House Bill 151, sponsored by State Rep. Kevin Corlew, R-Kansas City, would require the Missouri Department of Revenue to issue REAL ID compliant driver’s licenses.
Unless the applicant requests a license that is not compliant with the REAL ID Act of 2005.
The new IDs would be valid for state purposes and for official federal purposes outlined in the REAL ID Act and would be acceptable for boarding an airplane and allow access to military bases and federal facilities.
Although many lawmakers in Missouri have been resistant to adhering to the act for more than a decade, the inconvenience of not having federally recognized identification is outweighing privacy and states’ rights issues.

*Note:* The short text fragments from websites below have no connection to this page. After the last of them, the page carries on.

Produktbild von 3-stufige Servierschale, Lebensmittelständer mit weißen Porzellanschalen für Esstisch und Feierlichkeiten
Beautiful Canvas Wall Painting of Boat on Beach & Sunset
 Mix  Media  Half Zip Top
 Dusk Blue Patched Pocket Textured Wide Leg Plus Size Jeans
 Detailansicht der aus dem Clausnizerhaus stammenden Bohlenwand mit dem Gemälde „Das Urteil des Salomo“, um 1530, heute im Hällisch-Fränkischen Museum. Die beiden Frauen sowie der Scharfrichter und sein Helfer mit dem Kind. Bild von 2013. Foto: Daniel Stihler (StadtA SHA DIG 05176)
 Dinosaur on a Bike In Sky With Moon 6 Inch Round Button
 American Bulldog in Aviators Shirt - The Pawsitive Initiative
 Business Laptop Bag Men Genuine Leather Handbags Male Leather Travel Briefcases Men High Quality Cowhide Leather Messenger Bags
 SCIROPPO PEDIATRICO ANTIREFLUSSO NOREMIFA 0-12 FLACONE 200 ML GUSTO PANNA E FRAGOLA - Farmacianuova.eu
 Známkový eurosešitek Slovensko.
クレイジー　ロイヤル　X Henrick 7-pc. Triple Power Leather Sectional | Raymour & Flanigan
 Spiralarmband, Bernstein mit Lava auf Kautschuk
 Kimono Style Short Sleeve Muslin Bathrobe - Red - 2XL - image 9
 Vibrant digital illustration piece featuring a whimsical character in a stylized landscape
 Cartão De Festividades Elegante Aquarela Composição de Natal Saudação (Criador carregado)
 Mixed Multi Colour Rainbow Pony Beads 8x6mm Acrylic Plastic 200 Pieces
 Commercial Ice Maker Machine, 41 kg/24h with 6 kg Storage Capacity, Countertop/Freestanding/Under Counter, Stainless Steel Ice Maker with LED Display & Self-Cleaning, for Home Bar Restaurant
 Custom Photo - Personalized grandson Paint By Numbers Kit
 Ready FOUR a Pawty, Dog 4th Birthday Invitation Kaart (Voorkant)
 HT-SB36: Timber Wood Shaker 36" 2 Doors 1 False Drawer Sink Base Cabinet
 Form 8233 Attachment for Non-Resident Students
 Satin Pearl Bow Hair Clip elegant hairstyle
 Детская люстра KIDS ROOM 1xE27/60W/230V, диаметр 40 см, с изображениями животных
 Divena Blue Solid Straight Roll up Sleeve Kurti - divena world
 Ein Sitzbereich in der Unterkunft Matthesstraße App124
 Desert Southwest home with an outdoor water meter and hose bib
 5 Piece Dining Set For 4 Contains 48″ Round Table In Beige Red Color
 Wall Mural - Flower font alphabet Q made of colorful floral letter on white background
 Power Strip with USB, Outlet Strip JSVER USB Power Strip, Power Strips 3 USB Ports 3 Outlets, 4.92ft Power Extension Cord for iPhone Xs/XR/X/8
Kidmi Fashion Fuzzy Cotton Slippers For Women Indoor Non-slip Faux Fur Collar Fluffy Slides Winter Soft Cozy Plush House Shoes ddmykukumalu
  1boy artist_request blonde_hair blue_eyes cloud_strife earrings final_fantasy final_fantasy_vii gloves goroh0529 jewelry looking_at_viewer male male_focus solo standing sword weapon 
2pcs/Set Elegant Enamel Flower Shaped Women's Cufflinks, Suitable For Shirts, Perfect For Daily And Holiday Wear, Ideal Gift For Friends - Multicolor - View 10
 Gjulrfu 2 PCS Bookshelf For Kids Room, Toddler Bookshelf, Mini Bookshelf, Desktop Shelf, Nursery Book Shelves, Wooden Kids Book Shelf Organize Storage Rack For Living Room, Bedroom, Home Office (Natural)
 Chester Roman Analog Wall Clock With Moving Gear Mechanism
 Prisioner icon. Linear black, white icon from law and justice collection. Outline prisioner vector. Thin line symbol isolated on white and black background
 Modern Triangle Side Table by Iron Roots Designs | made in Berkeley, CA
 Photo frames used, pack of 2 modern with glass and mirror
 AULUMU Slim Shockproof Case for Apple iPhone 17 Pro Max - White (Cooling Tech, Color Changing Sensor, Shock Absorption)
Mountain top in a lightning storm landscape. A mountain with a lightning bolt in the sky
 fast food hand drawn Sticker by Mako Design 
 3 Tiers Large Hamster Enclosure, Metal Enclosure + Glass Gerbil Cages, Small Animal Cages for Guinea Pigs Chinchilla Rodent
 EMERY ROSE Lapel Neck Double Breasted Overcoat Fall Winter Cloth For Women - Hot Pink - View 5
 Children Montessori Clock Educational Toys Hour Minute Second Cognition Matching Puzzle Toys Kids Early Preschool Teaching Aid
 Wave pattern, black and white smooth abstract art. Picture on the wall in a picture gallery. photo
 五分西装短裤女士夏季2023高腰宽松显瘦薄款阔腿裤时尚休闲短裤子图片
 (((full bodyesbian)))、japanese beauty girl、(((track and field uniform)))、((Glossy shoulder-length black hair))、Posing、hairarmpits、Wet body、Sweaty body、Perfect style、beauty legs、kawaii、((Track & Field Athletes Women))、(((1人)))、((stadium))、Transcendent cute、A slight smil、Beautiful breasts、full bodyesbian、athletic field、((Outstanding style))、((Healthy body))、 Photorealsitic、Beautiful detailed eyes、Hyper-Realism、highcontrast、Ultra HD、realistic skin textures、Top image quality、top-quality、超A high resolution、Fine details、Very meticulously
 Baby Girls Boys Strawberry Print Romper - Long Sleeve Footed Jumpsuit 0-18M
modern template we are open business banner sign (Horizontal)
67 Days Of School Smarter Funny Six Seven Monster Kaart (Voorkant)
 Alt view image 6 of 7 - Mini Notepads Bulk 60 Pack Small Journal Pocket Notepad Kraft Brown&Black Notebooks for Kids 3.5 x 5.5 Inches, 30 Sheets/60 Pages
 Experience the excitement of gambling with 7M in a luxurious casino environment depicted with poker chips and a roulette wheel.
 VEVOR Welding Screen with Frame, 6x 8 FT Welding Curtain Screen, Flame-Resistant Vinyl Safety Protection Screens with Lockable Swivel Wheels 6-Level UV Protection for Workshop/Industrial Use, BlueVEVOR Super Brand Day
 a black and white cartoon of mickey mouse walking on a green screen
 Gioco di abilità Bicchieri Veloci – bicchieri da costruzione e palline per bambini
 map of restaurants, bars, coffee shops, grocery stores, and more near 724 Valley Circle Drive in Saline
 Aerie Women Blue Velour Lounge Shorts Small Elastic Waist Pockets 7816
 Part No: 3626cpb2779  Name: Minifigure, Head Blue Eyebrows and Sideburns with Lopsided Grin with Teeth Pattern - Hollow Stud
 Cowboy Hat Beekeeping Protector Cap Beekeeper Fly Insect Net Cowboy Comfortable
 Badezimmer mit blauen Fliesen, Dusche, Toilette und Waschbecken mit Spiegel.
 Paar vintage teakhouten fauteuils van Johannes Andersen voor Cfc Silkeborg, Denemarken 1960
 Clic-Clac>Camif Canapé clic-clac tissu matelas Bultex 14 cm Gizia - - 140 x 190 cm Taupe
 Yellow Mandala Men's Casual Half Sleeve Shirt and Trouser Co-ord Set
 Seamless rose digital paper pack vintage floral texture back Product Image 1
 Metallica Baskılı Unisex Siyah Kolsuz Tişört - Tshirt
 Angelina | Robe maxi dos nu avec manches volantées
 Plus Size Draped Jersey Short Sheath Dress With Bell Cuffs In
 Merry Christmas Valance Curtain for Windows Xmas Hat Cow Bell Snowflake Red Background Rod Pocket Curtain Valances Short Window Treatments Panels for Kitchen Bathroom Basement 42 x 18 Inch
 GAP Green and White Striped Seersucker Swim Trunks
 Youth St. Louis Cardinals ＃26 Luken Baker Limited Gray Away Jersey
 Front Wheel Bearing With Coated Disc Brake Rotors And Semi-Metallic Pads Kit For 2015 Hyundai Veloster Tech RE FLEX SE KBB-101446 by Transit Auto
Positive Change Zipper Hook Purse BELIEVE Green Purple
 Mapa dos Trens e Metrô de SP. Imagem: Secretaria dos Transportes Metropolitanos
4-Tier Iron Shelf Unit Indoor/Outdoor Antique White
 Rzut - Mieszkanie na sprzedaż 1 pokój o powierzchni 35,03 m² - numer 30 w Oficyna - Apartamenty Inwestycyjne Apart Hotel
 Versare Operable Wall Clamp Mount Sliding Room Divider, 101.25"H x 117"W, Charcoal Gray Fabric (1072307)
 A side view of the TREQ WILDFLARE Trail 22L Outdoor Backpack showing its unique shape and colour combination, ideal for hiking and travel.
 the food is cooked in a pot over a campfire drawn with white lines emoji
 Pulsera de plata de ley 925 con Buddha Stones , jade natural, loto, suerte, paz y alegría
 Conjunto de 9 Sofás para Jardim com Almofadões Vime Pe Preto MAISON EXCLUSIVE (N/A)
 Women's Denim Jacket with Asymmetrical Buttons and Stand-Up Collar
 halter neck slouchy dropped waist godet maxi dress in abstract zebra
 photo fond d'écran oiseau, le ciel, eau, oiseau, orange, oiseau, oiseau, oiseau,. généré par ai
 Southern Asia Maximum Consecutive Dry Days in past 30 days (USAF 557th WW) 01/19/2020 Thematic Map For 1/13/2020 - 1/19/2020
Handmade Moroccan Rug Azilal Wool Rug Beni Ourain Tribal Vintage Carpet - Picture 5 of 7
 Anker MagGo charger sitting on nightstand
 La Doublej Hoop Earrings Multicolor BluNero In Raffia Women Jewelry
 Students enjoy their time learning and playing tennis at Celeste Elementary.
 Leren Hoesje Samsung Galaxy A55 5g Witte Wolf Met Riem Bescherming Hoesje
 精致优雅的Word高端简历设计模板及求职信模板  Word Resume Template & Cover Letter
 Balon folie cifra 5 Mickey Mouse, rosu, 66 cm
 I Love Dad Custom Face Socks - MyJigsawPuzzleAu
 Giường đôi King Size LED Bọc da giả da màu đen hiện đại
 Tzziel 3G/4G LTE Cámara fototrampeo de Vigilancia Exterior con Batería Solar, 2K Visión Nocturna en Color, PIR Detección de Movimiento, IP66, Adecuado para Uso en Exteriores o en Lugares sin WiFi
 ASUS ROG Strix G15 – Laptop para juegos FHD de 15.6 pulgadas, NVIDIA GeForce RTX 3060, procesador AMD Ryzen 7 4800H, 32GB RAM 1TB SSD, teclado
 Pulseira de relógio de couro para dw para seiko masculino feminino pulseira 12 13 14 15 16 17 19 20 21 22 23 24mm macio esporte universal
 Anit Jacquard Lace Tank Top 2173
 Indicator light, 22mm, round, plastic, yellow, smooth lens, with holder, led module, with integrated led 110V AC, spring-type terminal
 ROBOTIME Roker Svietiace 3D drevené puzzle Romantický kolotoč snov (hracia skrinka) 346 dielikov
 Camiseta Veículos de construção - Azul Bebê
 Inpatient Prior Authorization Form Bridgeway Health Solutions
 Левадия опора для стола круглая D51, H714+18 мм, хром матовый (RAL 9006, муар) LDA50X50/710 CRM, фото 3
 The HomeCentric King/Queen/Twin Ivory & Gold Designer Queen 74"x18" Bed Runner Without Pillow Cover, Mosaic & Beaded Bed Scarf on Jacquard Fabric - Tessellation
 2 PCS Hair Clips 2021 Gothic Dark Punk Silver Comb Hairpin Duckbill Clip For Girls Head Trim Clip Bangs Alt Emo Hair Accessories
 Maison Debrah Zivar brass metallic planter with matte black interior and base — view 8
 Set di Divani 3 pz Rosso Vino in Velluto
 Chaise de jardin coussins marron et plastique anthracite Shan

State Rep. Justin Alferman, R-Hermann, said he voted for the bill with one group in mind.
“I can’t look at our military families and not give them a chance to have a compliant ID,” he said. “As it stands now, this would give them a choice. The governor has been clear on what he wants.”
Alferman added he also had area vets in mind who are taking honor flights to Washington, D.C.
“I’m not about to say someone needs to spend a lot of money on a passport, when they can get an ID from the DMV for $7,” he said. “Without one, these guys won’t be able to get to D.C.”
Although REAL ID legislation has passed the House, there is no guarantee it will make it through the Senate and to Gov. Eric Greitens’ desk.
“We are moving about 20 bills each day,” Alferman said. “The Senate side is moving much slower.”
In his most recent Capital Report, Alferman said the end of the “Legislative Spring Break,” on March 24, also marks the end of the first half of session.
“At this point, if a bill hasn’t made it out of one chamber, the likelihood that bill passes is slim to none,” he said. “The exception to this rule of thumb is the budget, which will pass, as it is our only constitutional duty during session.”